"New" colours possible?
null at 127.0.0.1
Thu Nov 1 04:44:18 EST 2001
"Wordsmith" <wordsmith at rocketmail.com> wrote in message
news:cddcc385.0110311016.46a0e76c at posting.google.com...
> bbruner at uclink4.berkeley.edu (Bob) wrote in message
news:<3bdf63b3.34218494 at agate.berkeley.edu>...
> > On Tue, 30 Oct 2001 22:08:44 +0100, "Urs Enke" <urs.enke at web.de>
> > wrote:
> > >For some years now I've wondered
> > >-- whether the (red-green-blue-mixable) colours we know are all there
> > >this universe, and if not,
> > >-- whether it might be possible to neurologically change the visual
> > >(or whatever necessary) to create the sensation of other colours, and
> > >-- whether there has been any research suggesting that other animals
> > >actually seeing different colours than we do.
> > >
> > Just to add a brief comment to all the good stuff already posted...
> > Apparently two different "red" receptors are known in humans, with
> > slightly different wavelength responses.

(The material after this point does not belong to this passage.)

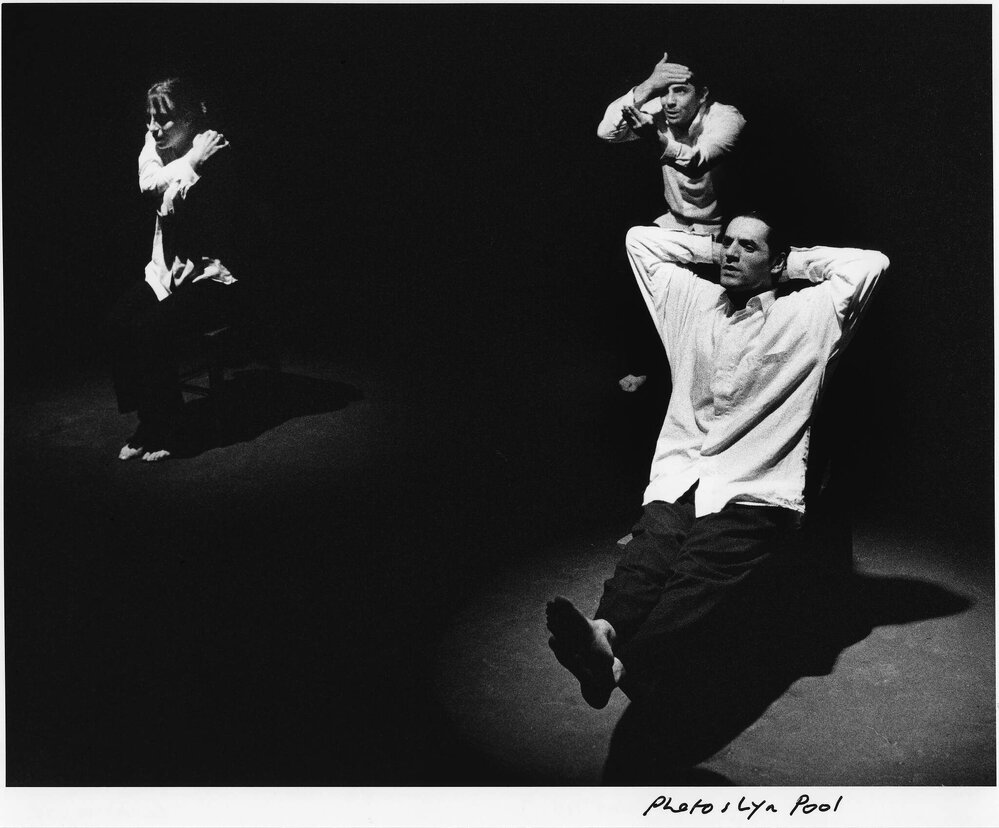 Nil, Cat &amp; Buried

So, genetically determined,
> > different people see color differently. (I can probably find a
> > reference for that, if someone wants to look it up.)
> > bob
> There's a gender factor also. I've heard it said men are much more prone
> color-blindness than women. Is this a fable or is there meat on the bone?
It's true, but apparently colour-blindness is good for predatory animals.
Could this be why men are more likely to be colour-blind than women?
Colourful camouflage is less confusing to the colour-blind - so now
camouflage patterns must be tested by people with 'normal' vision, *and*
people who are colour-blind.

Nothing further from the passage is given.